Progesterone is one of the two primary hormones that drive female fertility. We make progesterone once ovulation has taken place in our menstrual cycle and if there’s no pregnancy, it naturally declines until our period arrives.
What are the signs that you might be low in progesterone?
In the lead up to your period, do you notice that:
- You crave sugar
- Retain fluid
- You experience bloating
- Anxious feelings increase
- You’re easily tearful
- You can’t get your breath past your heart
Maybe you’ve noticed these changes as you approach, or experience perimenopause? These can all be signs that your progesterone levels are low.
Progesterone is such a crucial hormone, especially when it comes to feeling calm and content, yet in Dr Libby’s two decades of practice she has only ever come across a tiny number of women who’ve had optimal levels.
Most of your progesterone is made by the ovary you ovulated from that month, a small amount can also be made by your adrenal glands and in some areas of the brain. Generally speaking, if you don’t ovulate, you won’t make sufficient progesterone and that’s when you can experience many of the symptoms listed above. It’s also important to note that you can still get your period and not have ovulated that month. Or you may have ovulated, but due to other reasons, not have been able to make a robust enough surge of progesterone, needed to keep the above symptoms at bay.

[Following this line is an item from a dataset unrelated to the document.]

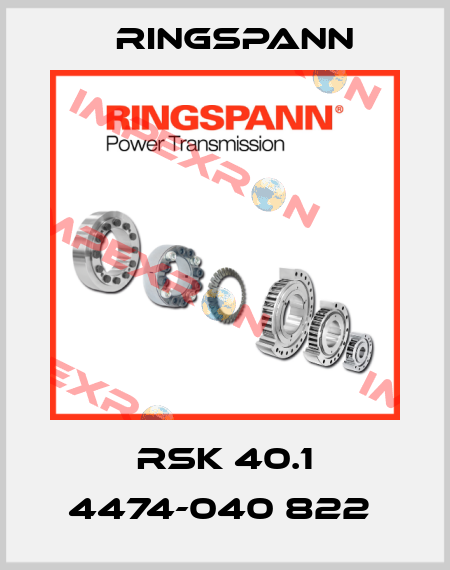 RSK 40.1 4474-040 822  Ringspann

Even if we do ovulate but we’re experiencing a relentless output of stress hormones—which is an everyday occurrence for many people these days—this can have a significant impact on our progesterone levels.
One way stress impacts progesterone is this: when we experience ongoing stress or worry, our stress hormones communicate to our body that our life is in danger and, therefore, that it isn’t an ideal time for us to ovulate. Since progesterone—think ‘pro-gestation’—is linked to fertility, the body thinks it’s doing you a favour by not allowing you to ovulate and therefore produce less progesterone. Yet, as progesterone has other roles in the body besides fertility, you can then experience the many symptoms of low progesterone, such as an increase in anxious feelings and bloating, particularly in the lead up to your period.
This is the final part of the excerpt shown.